» BRIEF: Needed from the data below: all lines that contain the word "Cream".

» RECORDS FOR PROCESSING:

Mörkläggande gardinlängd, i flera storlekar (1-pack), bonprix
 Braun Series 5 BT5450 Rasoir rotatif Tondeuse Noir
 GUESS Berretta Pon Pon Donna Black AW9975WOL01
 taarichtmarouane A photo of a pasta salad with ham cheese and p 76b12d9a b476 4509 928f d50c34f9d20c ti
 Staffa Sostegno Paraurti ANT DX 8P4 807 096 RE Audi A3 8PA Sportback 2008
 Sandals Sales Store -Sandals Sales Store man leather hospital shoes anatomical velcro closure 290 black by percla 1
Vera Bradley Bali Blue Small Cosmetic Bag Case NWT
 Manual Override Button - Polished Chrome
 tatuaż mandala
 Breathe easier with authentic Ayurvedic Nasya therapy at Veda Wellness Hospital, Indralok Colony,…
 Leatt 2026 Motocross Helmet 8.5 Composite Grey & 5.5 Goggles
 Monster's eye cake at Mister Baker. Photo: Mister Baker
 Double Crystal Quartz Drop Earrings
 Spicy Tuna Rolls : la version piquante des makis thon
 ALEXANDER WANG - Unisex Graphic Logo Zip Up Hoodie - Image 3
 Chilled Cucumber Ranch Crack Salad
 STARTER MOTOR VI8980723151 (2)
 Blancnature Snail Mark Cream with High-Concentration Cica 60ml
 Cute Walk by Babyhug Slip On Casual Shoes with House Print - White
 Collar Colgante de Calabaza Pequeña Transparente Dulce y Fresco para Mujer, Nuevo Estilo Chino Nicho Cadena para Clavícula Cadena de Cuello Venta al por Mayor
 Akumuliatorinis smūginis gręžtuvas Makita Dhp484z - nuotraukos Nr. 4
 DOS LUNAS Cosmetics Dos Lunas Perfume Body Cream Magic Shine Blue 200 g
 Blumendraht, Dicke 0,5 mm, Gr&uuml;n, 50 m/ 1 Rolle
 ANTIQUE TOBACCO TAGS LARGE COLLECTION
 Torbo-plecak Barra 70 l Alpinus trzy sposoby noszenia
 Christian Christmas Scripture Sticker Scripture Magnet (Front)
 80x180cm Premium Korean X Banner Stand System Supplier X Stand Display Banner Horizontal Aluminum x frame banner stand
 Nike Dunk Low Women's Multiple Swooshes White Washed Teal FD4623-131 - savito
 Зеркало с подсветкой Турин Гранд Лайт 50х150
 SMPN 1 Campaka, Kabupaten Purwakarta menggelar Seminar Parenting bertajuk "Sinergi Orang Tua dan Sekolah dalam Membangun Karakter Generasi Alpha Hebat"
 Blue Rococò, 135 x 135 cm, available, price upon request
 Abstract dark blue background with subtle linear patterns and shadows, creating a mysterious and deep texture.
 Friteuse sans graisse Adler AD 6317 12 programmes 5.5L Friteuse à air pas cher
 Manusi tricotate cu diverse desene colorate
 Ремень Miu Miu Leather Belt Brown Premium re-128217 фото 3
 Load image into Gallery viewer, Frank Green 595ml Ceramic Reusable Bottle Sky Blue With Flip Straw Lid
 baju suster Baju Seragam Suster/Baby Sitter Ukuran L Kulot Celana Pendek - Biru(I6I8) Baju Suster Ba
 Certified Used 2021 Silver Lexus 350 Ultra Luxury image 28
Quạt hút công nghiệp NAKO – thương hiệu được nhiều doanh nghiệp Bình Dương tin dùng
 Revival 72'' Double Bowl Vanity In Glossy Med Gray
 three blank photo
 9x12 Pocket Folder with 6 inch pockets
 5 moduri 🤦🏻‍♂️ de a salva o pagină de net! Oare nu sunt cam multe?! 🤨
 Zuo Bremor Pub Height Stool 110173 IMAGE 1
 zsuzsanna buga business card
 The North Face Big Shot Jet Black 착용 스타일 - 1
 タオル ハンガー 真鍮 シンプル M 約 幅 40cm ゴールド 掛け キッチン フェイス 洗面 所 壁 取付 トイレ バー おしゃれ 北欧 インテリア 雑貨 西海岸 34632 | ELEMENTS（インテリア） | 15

» REPLY TO THE TASK:
 Blancnature Snail Mark Cream with High-Concentration Cica 60ml
 DOS LUNAS Cosmetics Dos Lunas Perfume Body Cream Magic Shine Blue 200 g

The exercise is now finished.